WORK INSTRUCTIONS -
What you should end up with is an exact copy of the lines from the one holding "Acne Studios Acne Studios 口袋字母徽标短袖T恤" through the last line of the entries below, both included, and nothing else; leave every picture out.
——
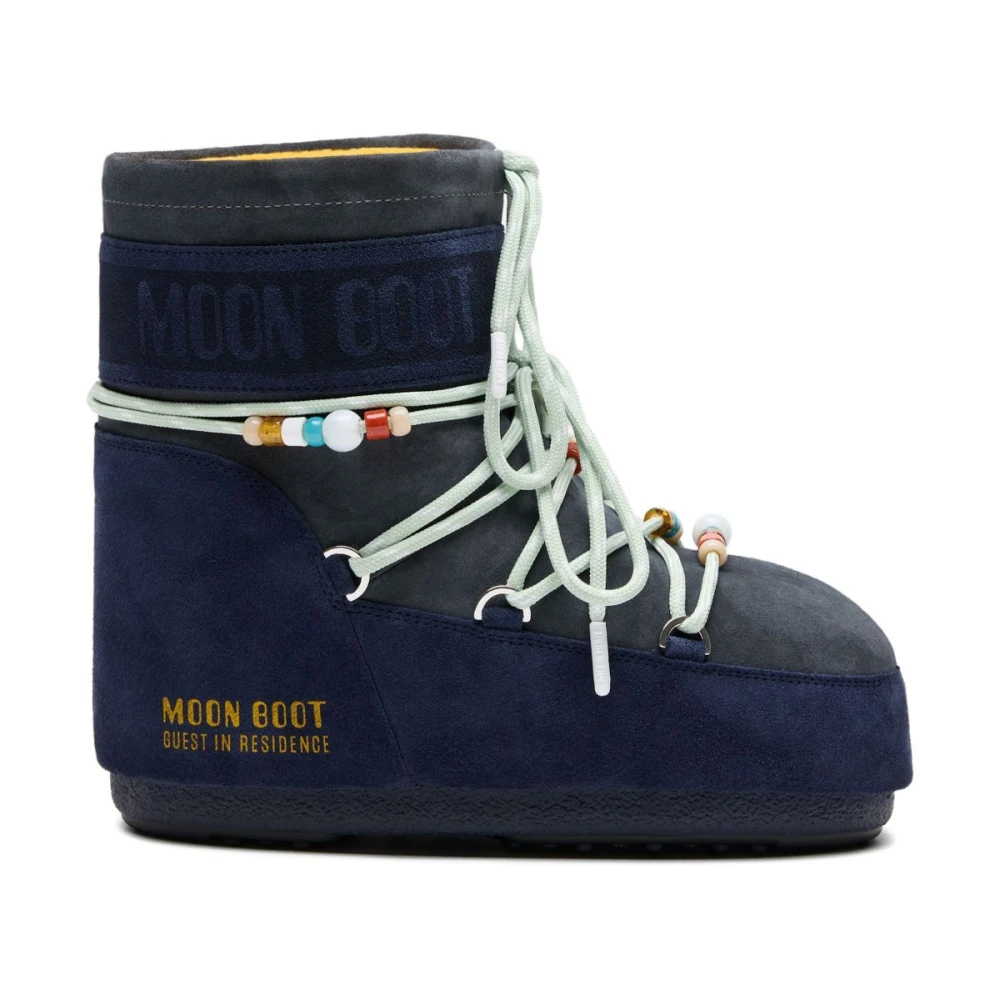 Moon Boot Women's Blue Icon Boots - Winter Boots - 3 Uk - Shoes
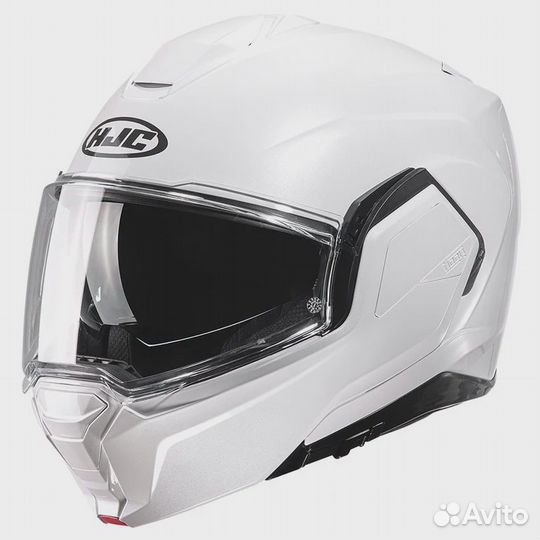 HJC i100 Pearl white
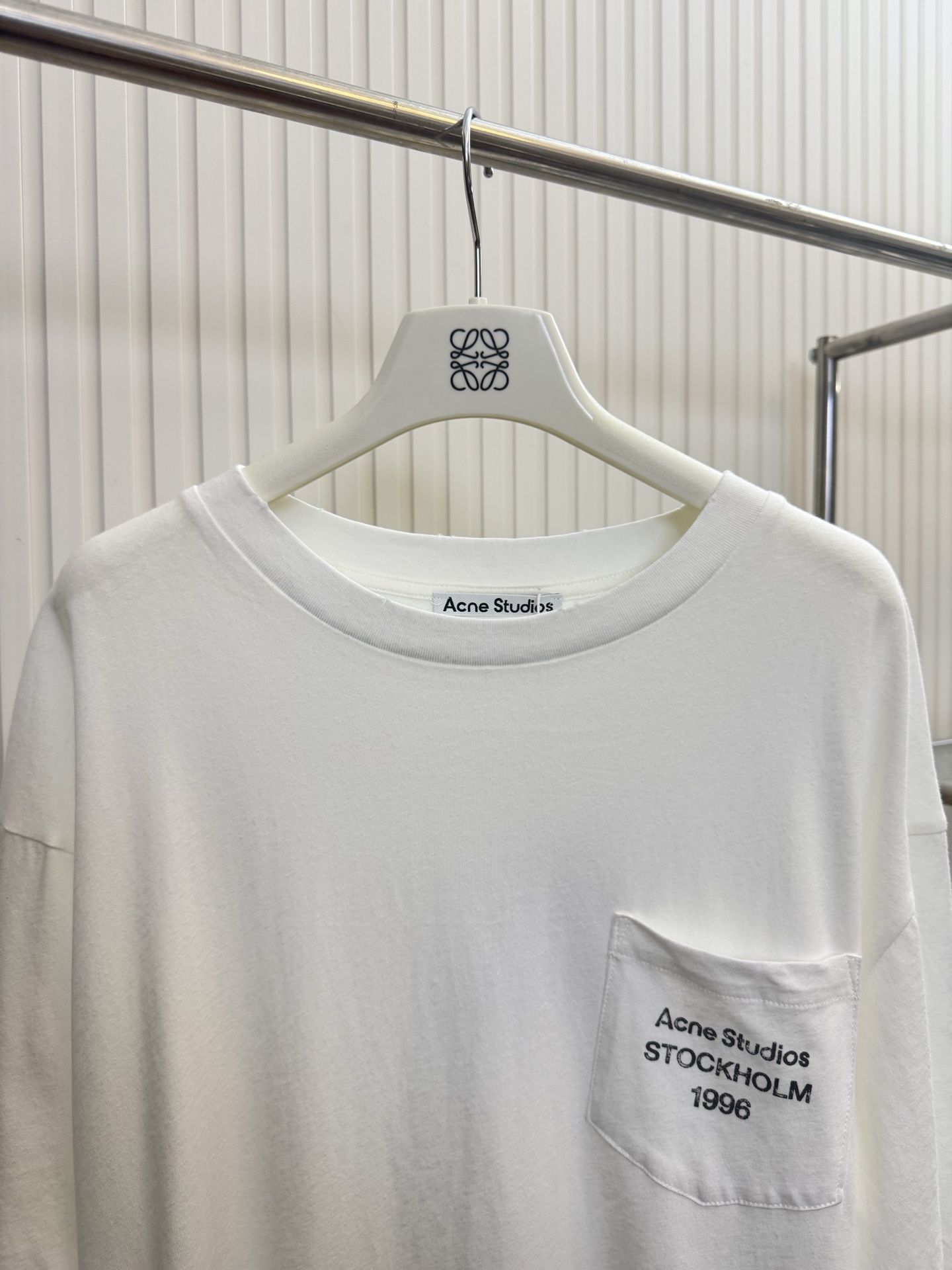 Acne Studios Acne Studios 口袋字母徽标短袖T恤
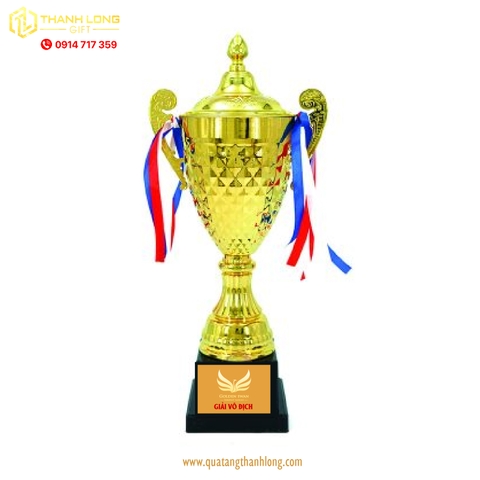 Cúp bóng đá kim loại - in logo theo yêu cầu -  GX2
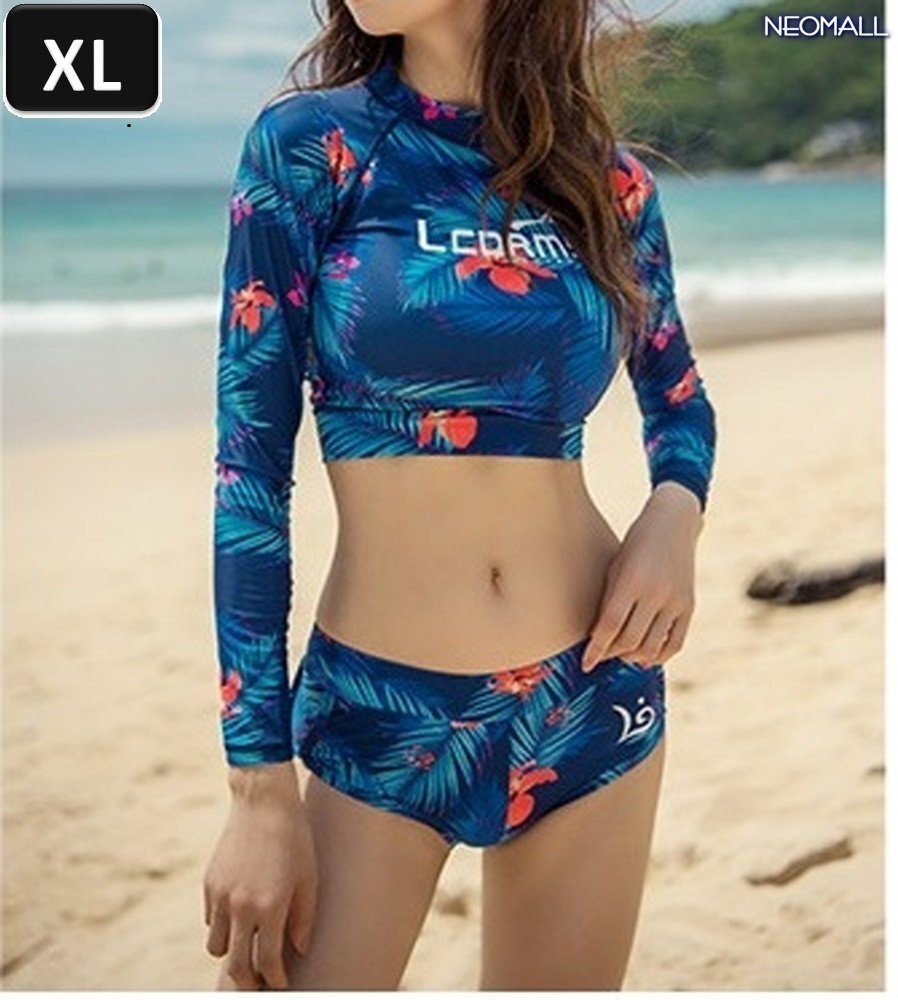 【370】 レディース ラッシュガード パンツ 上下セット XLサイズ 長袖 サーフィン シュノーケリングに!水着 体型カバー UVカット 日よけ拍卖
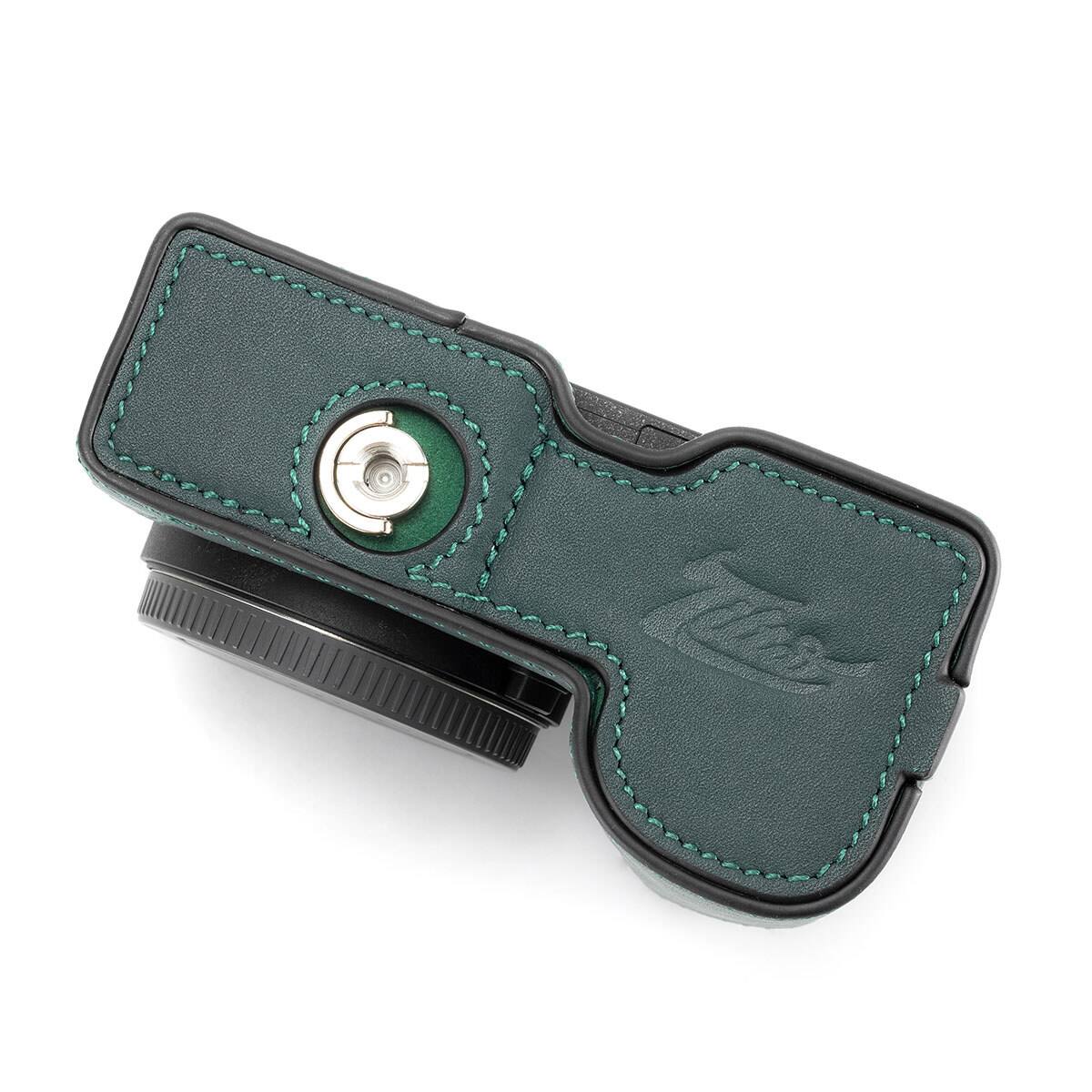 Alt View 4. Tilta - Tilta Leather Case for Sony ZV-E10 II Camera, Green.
——
RESPONSE FOR THIS EXERCISE -
 Acne Studios Acne Studios 口袋字母徽标短袖T恤
 Cúp bóng đá kim loại - in logo theo yêu cầu -  GX2
 【370】 レディース ラッシュガード パンツ 上下セット XLサイズ 長袖 サーフィン シュノーケリングに!水着 体型カバー UVカット 日よけ拍卖
 Alt View 4. Tilta - Tilta Leather Case for Sony ZV-E10 II Camera, Green.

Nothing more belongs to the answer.